Ce film américain de Christopher Nolan, avec Hugh Jackman et Christian Bale, raconte l’histoire croisée de la rivalité de deux magiciens à la fin du XIXème siècle, à Londres. En dire plus sur l’intrigue serait criminel.

C’est le dernier long-métrage de Nolan avant The Dark Knight, qui le propulsera tout en haut des cimes des succès critiques et publics de l’histoire du cinéma. Ce film sortirait aujourd’hui, à la vue des évolutions de carrière de son réalisateur de ses acteurs – tous déjà confirmés au moment de la sortie du film -, le carton serait incroyable. Outre les deux acteurs principaux – Batman et Wolverine, ou encore the Machinist et Keller-, on y retrouve, excusez du peu, Scarlett Johansson, Rebecca Hall, Michael Caine, Andy Serkis, David Bowie. Mais justement, Nolan est au carrefour de la carrière du cinéaste, entre Memento et TDKR, ce qui donne un ton très particulier au film, tout en résumant parfaitement ses autres œuvres.

On retrouve dans ce film toutes les caractéristiques d’un film de Nolan : son casting (Christian Bale et Michael Caine, des habitués du réalisateur pour sa trilogie Batman), sa photographie –très sombre et assez froide-, son goût pour la narration non linéaire (coucou Memento et Inception) mais surtout ses thématiques habituelles : le sens du sacrifice (TDKR), la passion qui mène à l’obsession (la trilogie TDK, Memento, Insomnia), la difficulté de faire un deuil (Inception) et enfin la vengeance (TDK, Insomnia).

Il est rare de voir des films mettre sur un plan d’égalité aussi absolu ses deux personnages : c’est le cas ici. Pour se faire, il leur accorde un temps à l’image similaire, et nous fait ressentir pour eux, successivement, empathie et dégoût, en lien avec la schizophrénie de chaque personnage, tour à tour bourreau et victime, sans jamais porter de jugement définitif et (trop) donner dans le manichéen. Mais alors que la plupart des films portant sur une rivalité montre à quel point chacun des personnages est poussé à donner le meilleur de lui-même, il expose ici les dangers de l’ambition, comment le fait de vouloir devenir à tout prix le meilleur, à écraser l’autre, nous pousse à passer par des moyens aussi extrêmes que le but recherché. C’est l’escalade sans fin qui ne peut mener qu’à une seule destination. C’est être prêt à se sacrifier corps et âme –littéralement- pour sa jalousie et à son ambition.

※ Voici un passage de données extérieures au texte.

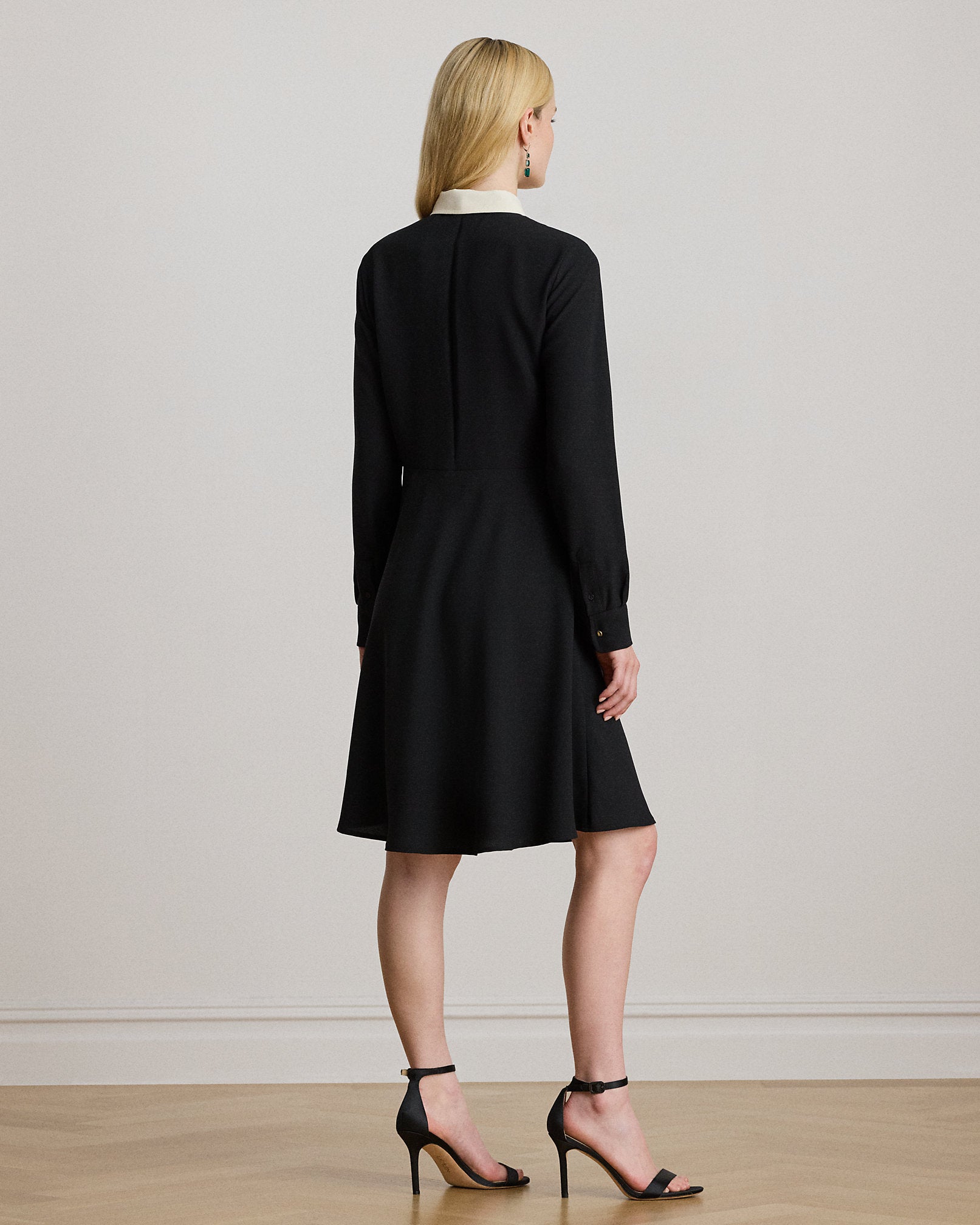 Ralph Lauren TwoTone Georgette TieNeck Dress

La narration est elle-même bâtie comme un tour de magie, avec les éléments donnés au départ qui définissent ce dernier : une construction basée en trois actes, la promesse –nous montrer quelque chose, le tour, et le Prestige.


“Every great magic trick consists of three parts or acts. The first part is called "The Pledge". The magician shows you something ordinary: a deck of cards, a bird or a man. He shows you this object. Perhaps he asks you to inspect it to see if it is indeed real, unaltered, normal. But of course...it probably isn't. The second act is called "The Turn". The magician takes the ordinary something and makes it do something extraordinary. Now you're looking for the secret... but you won't find it, because of course you're not really looking. You don't really want to know. You want to be fooled. But you wouldn't clap yet. Because making something disappear isn't enough; you have to bring it back. That's why every magic trick has a third act, the hardest part, the part we call "The Prestige". “

Le film nous montre d’emblée des éléments d’une importance cruciale pour l’intrigue, pour nous donner rendez-vous plus tard. Le pacte passé avec le film est similaire à celui que l’on passe avec un magicien lors d’un tour de magie : on accepte de faire confiance au réalisateur, de prendre ces bribes pour des vérités. Ensuite, le film nous enchaîne des twists, nous dissémine des indices auxquels on ne prête pas attention (quoique, voir ensuite), parce que, quelque part, « you want to be fooled ». Et le final nous retourne la table et fait réapparaître les éléments du début, donne un sens à l’ensemble tout autant qu’il épate.
Alors que la narration est faite d’allers-retours dans le temps, le spectateur n’est jamais perdu, ou du moins, ne croit jamais l’être, le réalisateur s’amusant souvent à le tromper, encore une fois.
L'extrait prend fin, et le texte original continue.